松本から糸魚川まで120kmにわたる「塩の道」のうち、根知駅から糸魚川の海岸までの10数キロを歩いて来ました。
中山峠という林道+山道を含んだ行程ですが、1月初旬ということで、雪が否応なしにつもる前でしたんで、それなりに歩けました。
天気も悪くなく、恵まれた街道ハイキングを振り返りたいと思います。

大糸線を降りて、根知からは1kmちょっとの舗装路です。
除雪されており快適。途中雪掻きをしている現地の人に聞くと、たぶん林道も除雪されているのでは?とのこと。ルンルン歩いていきます。

林道入り口に着くと、塩の道の案内図が。

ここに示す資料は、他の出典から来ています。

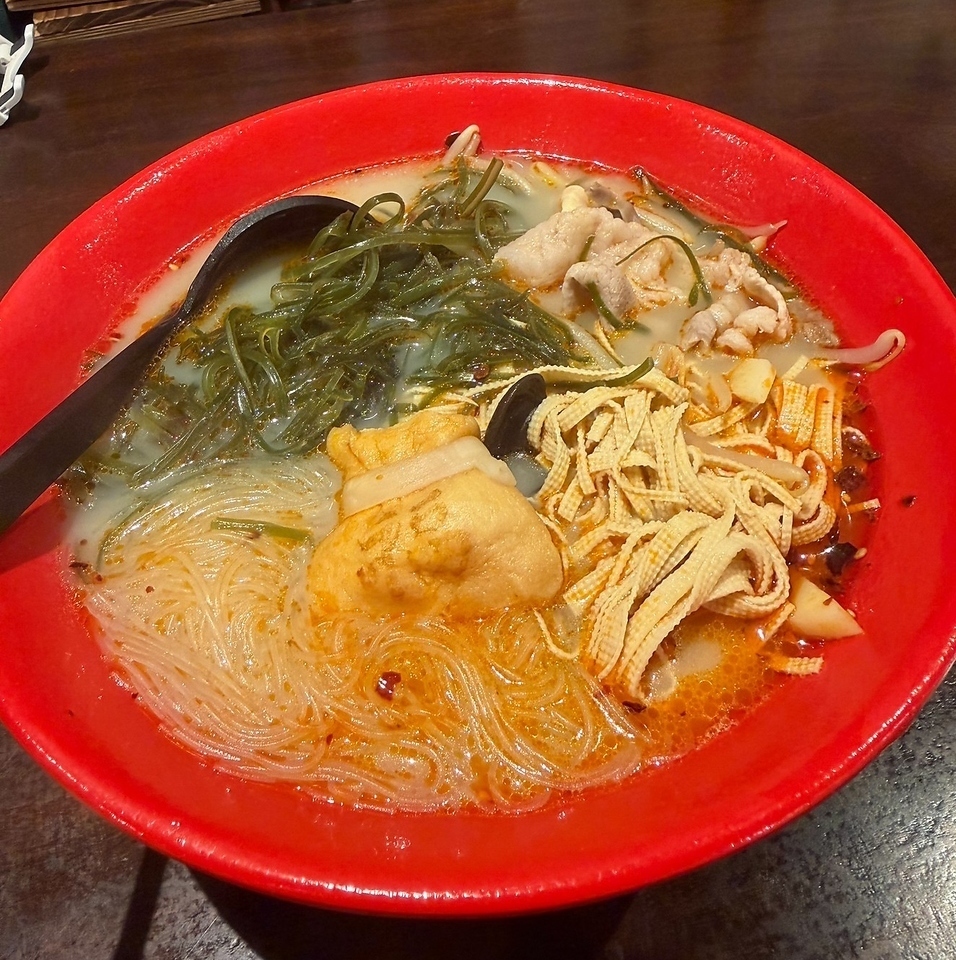 自分好みにカスタマイズできる本格麻辣湯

道中も、塩の道の立て札が無数にあり、とても助かります。
歩荷の絵が書いてあります。簑に藁靴姿はいかにも冬の旅装ですね。
ちなみに夏は、牛方という牛で荷を運ぶ人々が行き交ったようです。馬じゃないんですねえ。
塩の道は、古道の典型的な形に漏れず、基本的には地理的に安定した山の尾根を走る道です。ですが、同時に川沿いに刻まれてもいるので、斜面をトラバース(横切る)する道も多く、そういった道は冬の豪雪もあり、削り取られて歩きにくい箇所もあったことでしょう。
そういった道では、なんか粘りのありそうな牛のほうが重宝したのかなーなんて想像が膨らみます。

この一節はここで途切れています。